### EXTRACTED ENTRIES

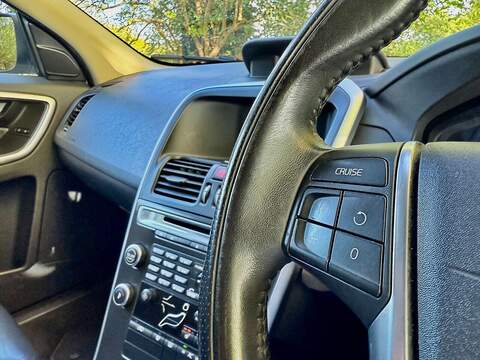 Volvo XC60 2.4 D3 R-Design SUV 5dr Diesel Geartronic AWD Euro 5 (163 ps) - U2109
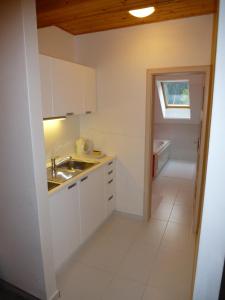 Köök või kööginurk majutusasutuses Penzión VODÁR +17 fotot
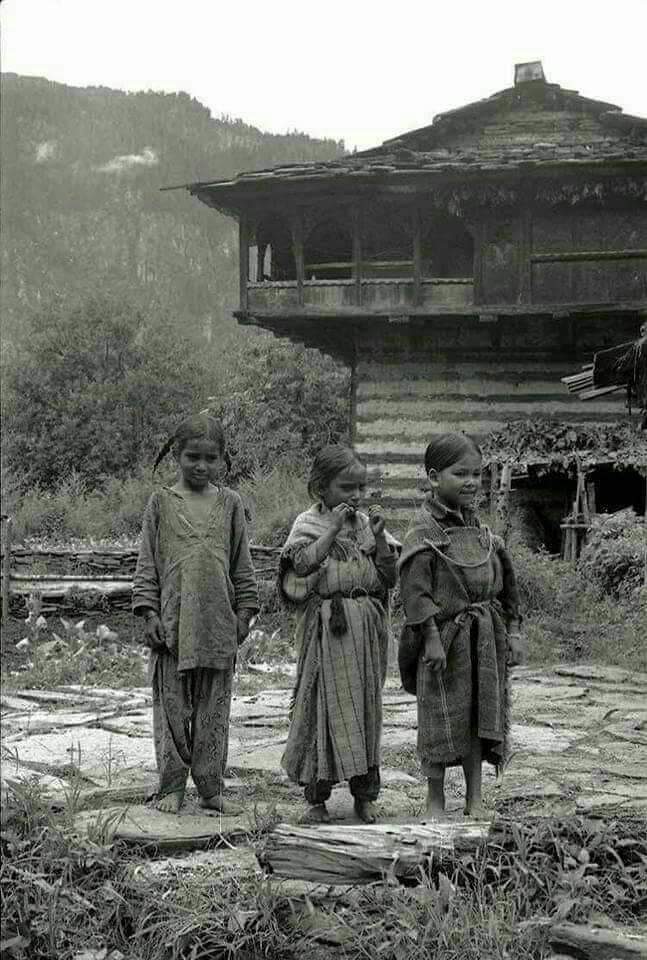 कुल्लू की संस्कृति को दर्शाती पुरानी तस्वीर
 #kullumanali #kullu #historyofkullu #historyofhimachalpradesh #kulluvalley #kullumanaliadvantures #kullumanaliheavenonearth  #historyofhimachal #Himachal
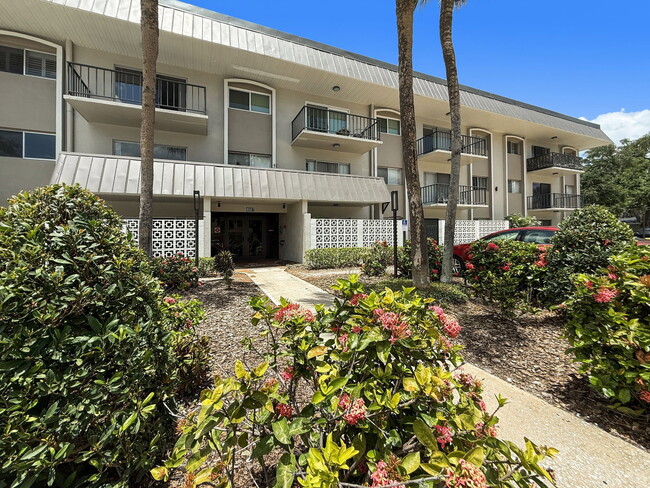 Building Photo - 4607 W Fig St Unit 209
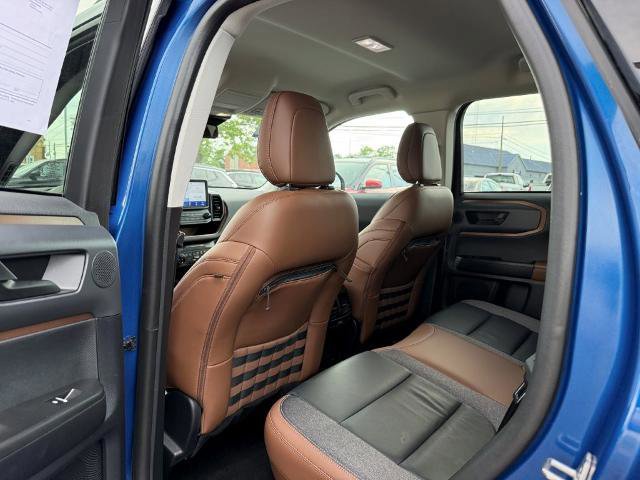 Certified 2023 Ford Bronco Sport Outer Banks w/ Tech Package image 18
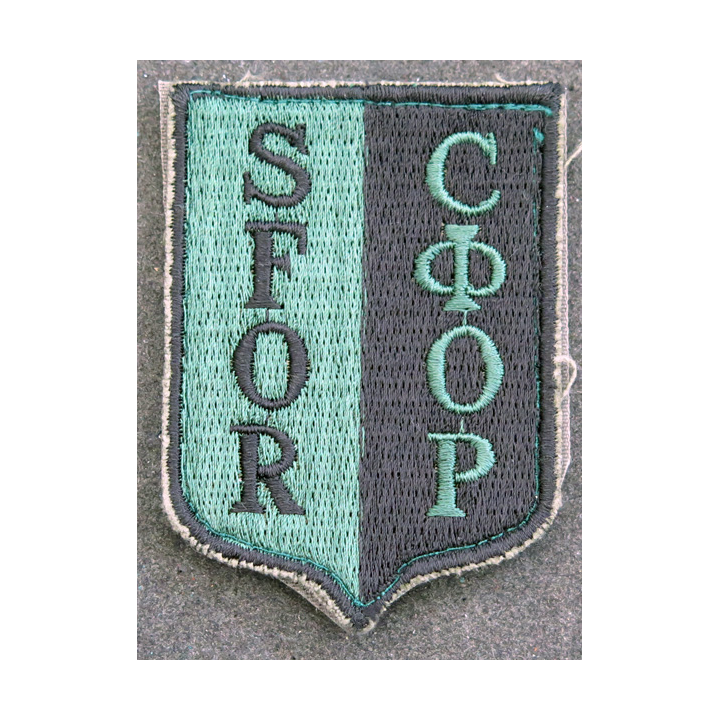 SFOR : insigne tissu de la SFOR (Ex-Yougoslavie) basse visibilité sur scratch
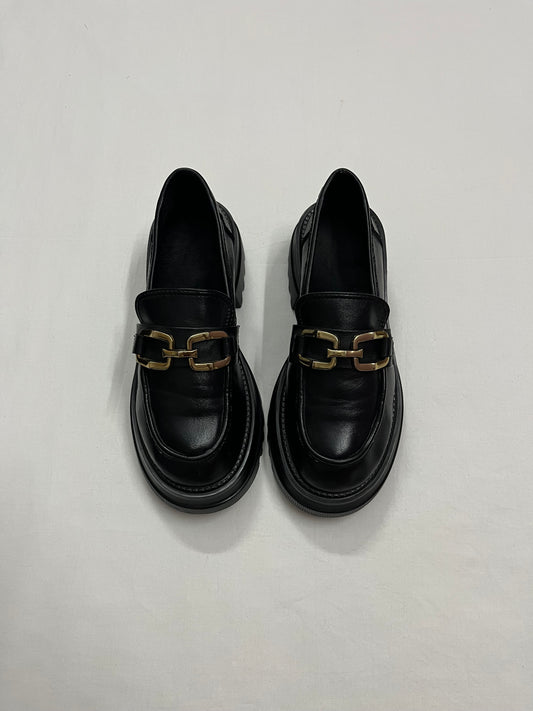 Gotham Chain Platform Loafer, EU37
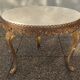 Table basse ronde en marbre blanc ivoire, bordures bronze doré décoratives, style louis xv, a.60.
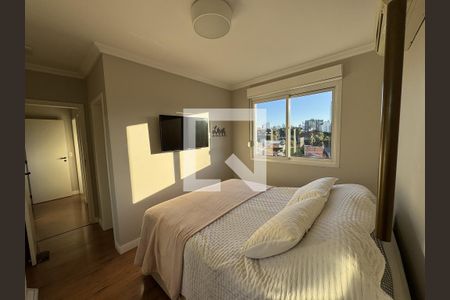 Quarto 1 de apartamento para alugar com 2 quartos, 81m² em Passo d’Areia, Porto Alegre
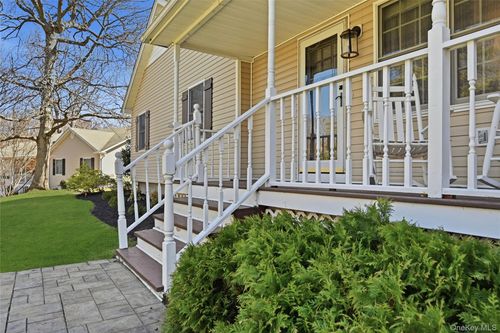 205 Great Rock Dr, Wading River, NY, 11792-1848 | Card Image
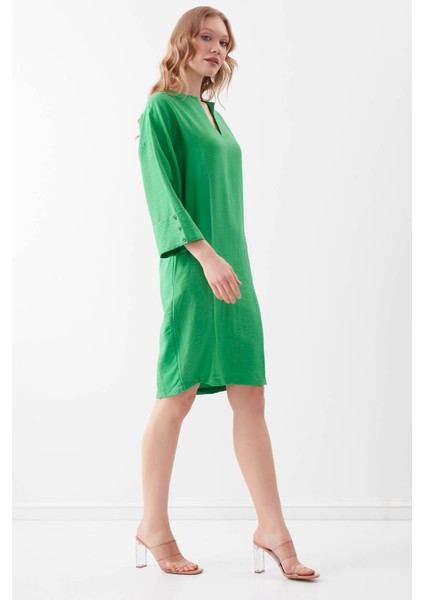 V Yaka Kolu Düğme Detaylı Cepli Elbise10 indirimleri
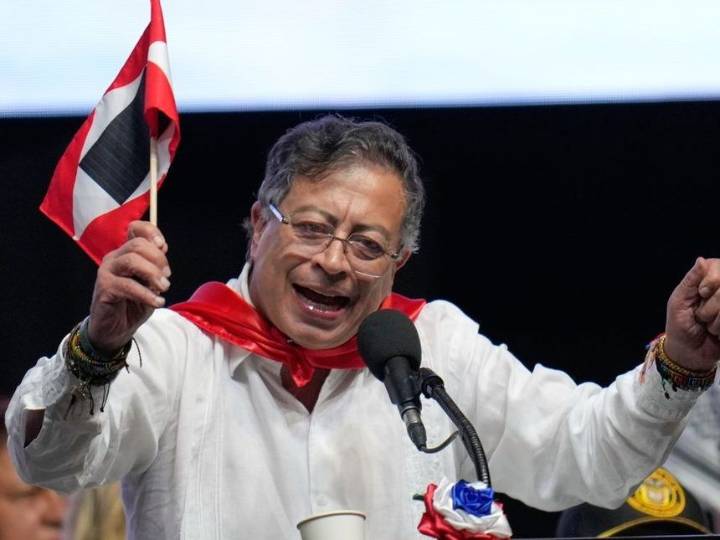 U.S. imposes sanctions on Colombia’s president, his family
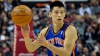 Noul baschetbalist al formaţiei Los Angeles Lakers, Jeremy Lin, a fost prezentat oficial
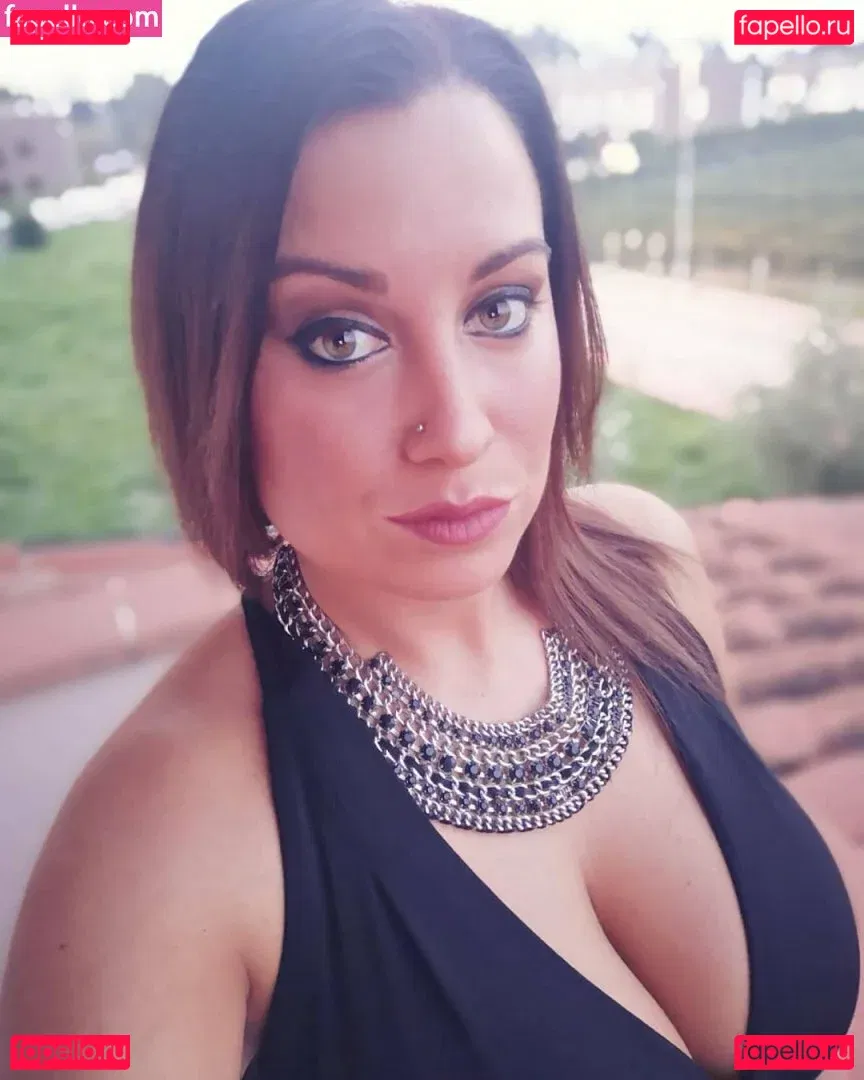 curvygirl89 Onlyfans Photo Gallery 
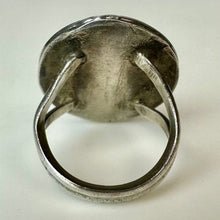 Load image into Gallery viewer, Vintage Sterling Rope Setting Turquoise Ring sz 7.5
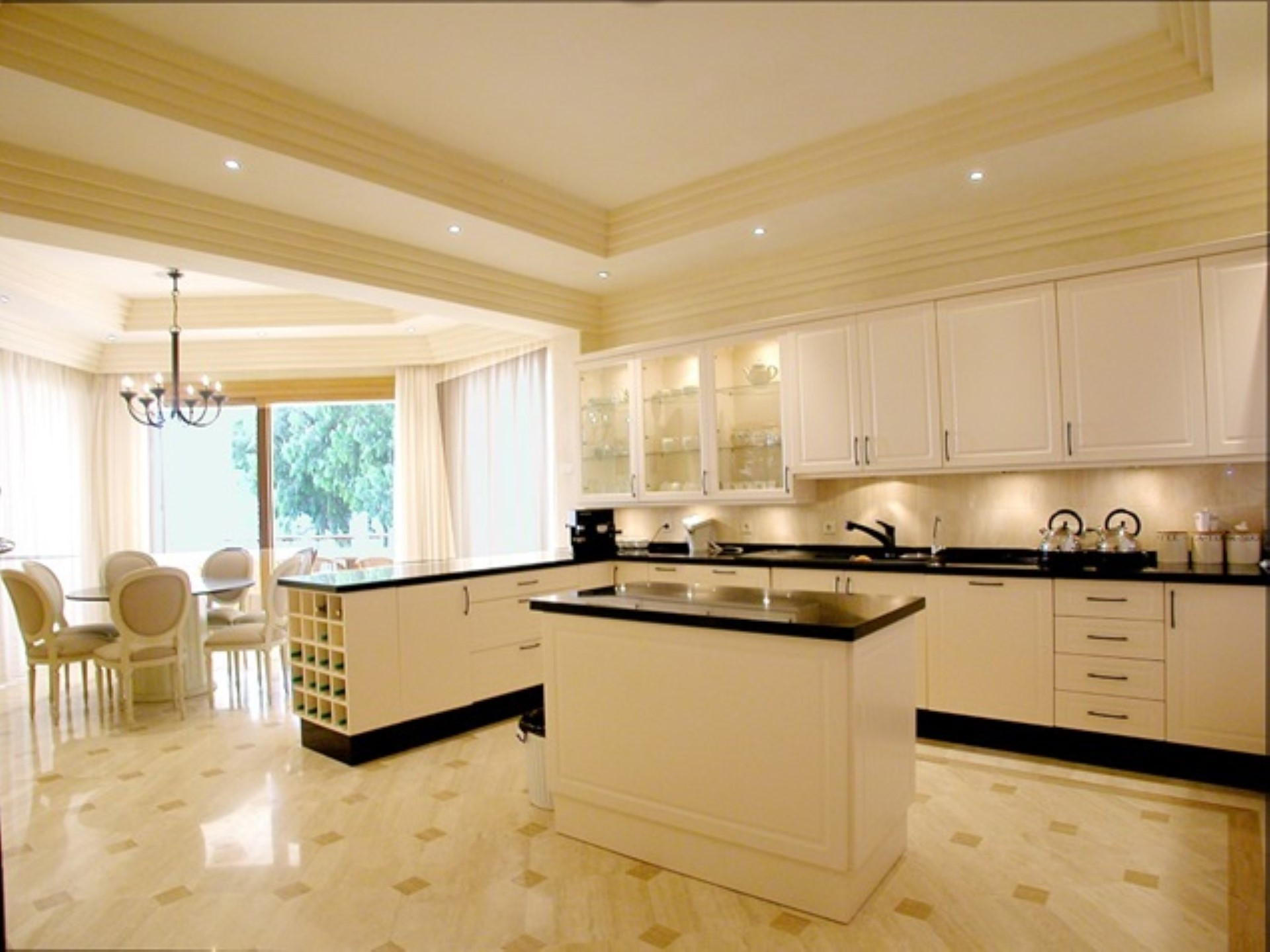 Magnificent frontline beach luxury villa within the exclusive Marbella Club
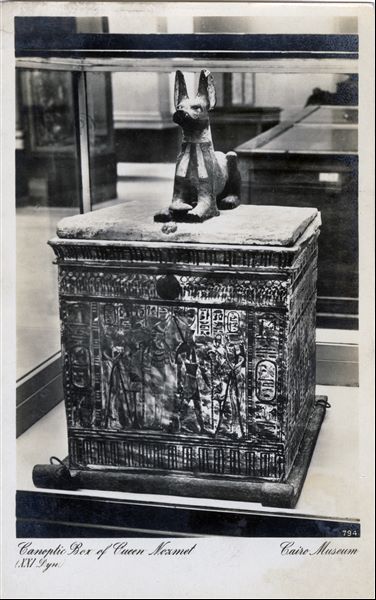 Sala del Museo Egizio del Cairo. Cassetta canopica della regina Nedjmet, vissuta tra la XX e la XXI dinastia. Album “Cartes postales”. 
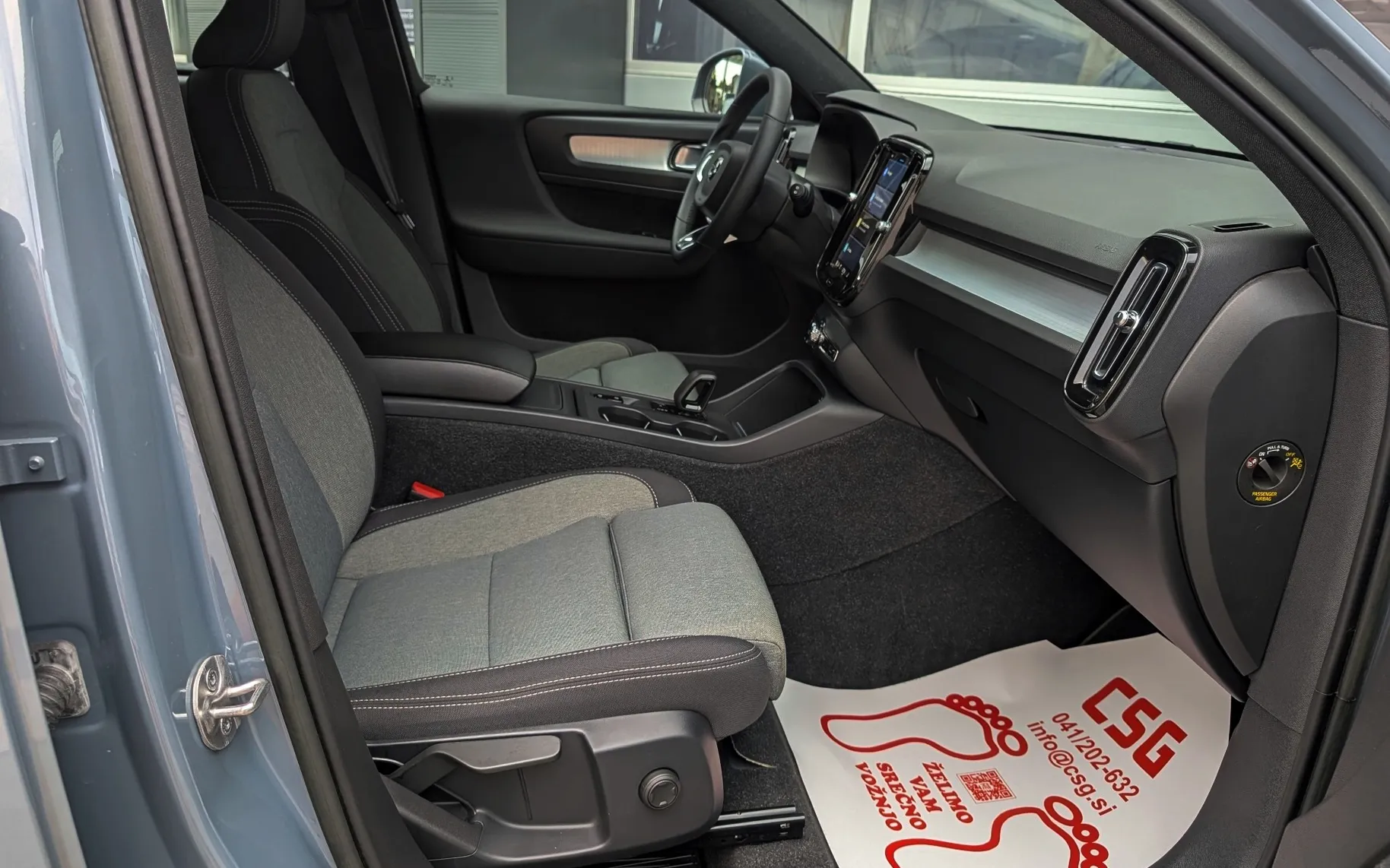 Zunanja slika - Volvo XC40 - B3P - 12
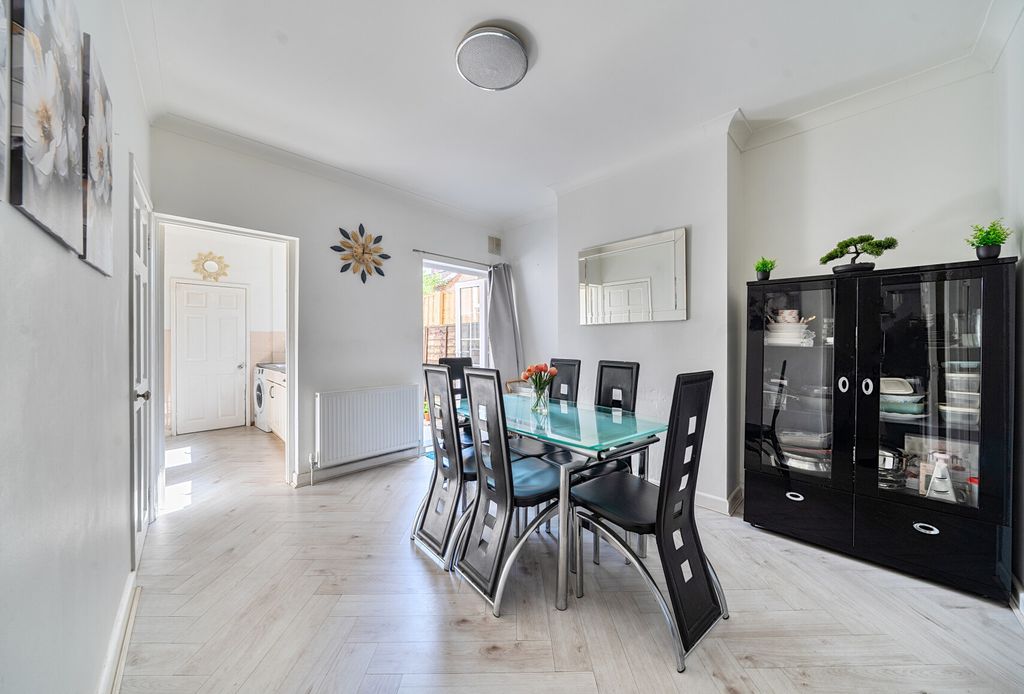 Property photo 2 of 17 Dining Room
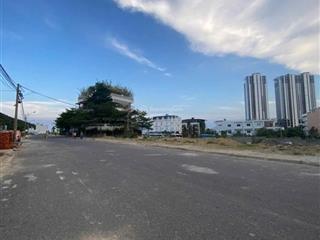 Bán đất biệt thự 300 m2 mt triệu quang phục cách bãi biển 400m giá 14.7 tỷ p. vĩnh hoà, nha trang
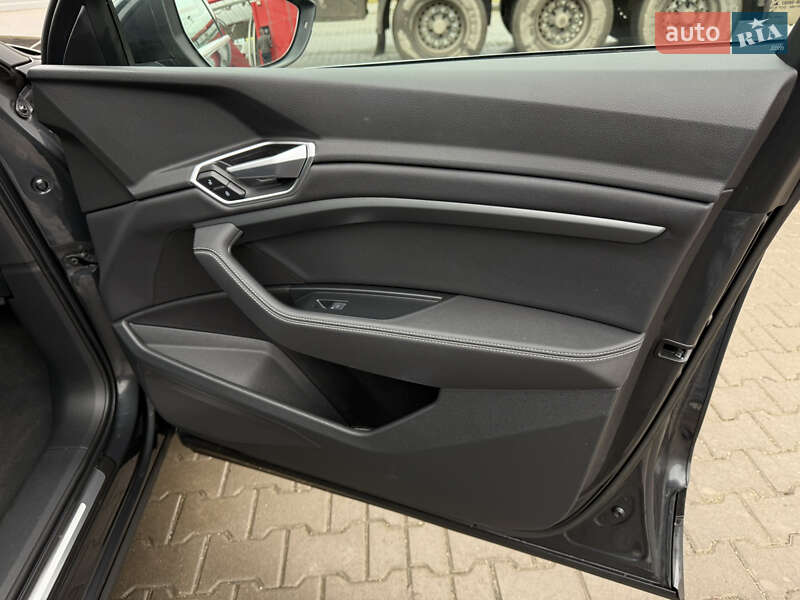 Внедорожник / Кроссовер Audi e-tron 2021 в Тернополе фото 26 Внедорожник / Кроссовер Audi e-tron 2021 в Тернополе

######

→ TASK INSTRUCTIONS
Copy word for word each line of the data above, from the first through the one containing "U.S. imposes sanctions", and include no pictures.

→ ANSWER TO THE PROBLEM
 Volvo XC60 2.4 D3 R-Design SUV 5dr Diesel Geartronic AWD Euro 5 (163 ps) - U2109
 Köök või kööginurk majutusasutuses Penzión VODÁR +17 fotot
 कुल्लू की संस्कृति को दर्शाती पुरानी तस्वीर
 #kullumanali #kullu #historyofkullu #historyofhimachalpradesh #kulluvalley #kullumanaliadvantures #kullumanaliheavenonearth  #historyofhimachal #Himachal
 Building Photo - 4607 W Fig St Unit 209
 Certified 2023 Ford Bronco Sport Outer Banks w/ Tech Package image 18
 SFOR : insigne tissu de la SFOR (Ex-Yougoslavie) basse visibilité sur scratch
 Gotham Chain Platform Loafer, EU37
 Table basse ronde en marbre blanc ivoire, bordures bronze doré décoratives, style louis xv, a.60.
 Quarto 1 de apartamento para alugar com 2 quartos, 81m² em Passo d’Areia, Porto Alegre
 205 Great Rock Dr, Wading River, NY, 11792-1848 | Card Image
 V Yaka Kolu Düğme Detaylı Cepli Elbise10 indirimleri
 U.S. imposes sanctions on Colombia’s president, his family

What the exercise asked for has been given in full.